# Cleaning Data and Joining Datasets

In [None]:
## find 2 datasets 

## I. Cleaning Data

Cleaning data is often an important first step, data is rarely clean and nicely formatted. This can range from having to change datatypes to having to deal with null values, or oddly inputted null values for example using a string with "No Value Found". 

## II. Data Normalization

Very often we will need to normalize our data. For the most apt data analysis we want our data to be finely defined. If we have for example income per geocode, or per state. That is a poor comparison point as certain states have more people than others, in order to get meaning from this data we need to normalize the data. Below multiple methods of normalization will be discussed as well as how to do them using the python library `pandas`

### Monetary Adjustments 

#### Adjusting for Inflation

When working with time-series data, that is data over time. Adjusting for inflation is important. USD in 2009 is not valued the same as USD in 2024. 

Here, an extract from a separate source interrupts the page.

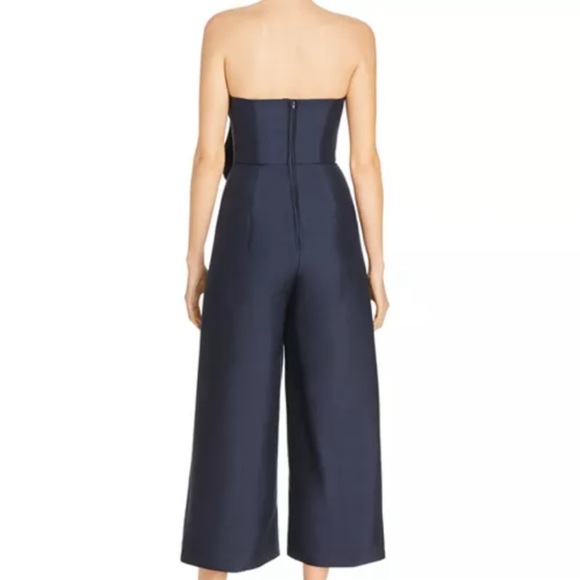 Keepsake Strapless Ruffle-Front Jumpsuit - Picture 3 of 7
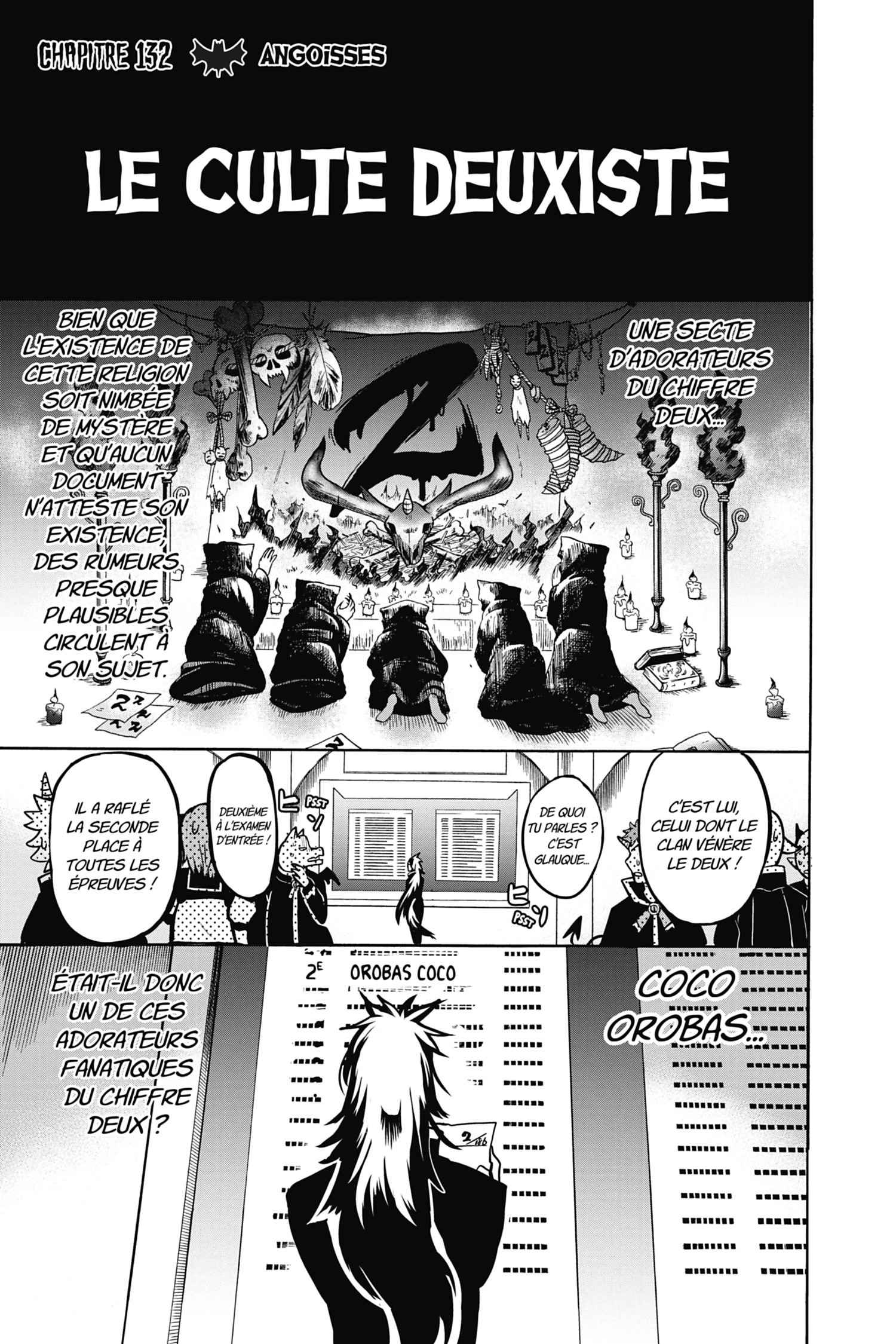 Read Welcome To Demon School Iruma-kun FR Manga Online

#### Standardizing to one Currency

When dealing with data from multiple countries for example we may need to add an extra step. We should standardize the currencies to one currency. This is more complicated when dealing with multiple countries across multiple years. We will need to adjust for inflation for each individual country and then standardize to one currency

### Adjusting for Population 

When dealing with larger scale collected data we often need to take population size into account. If we have covid infections, we want to scale that by the population within our geographic region of covid infections. To do this we can simply standardize over our population: 
$$ \frac{\text{covid infections}_i}{\text{total population}_i}$$
Where i is the location, so for each location our output would be the number of covid infection in that location divided by the number of people in the location

#### Standardization

If we have data that is not necessarily related to other columns but we want to understand scale properly we can use standardization

The simplest definition of standardization is: 
$$\phi(x) = \frac{x - \overline{x}}{\sigma}$$
Where $\overline{x}$ is the column mean, and $\sigma$ is the standard deviation of the column

## III. Joining Datasets


There are multiple ways to merge or join datasets. To do this we will do what is called a join. There are 4 main types of joins to know **left**, **right**, **inner**, and **outer**. There are other variations of joins but these 4 are all that you need to understand to do most, if not all dataset joining. 

#### What is the difference between left, right, inner and outer joins?

The main difference between these joins is how we connect the data, and how we deal with misaligned data, that is data that appears in one dataset but not the other.

#### In all joins we need a join key (what column we are joining on)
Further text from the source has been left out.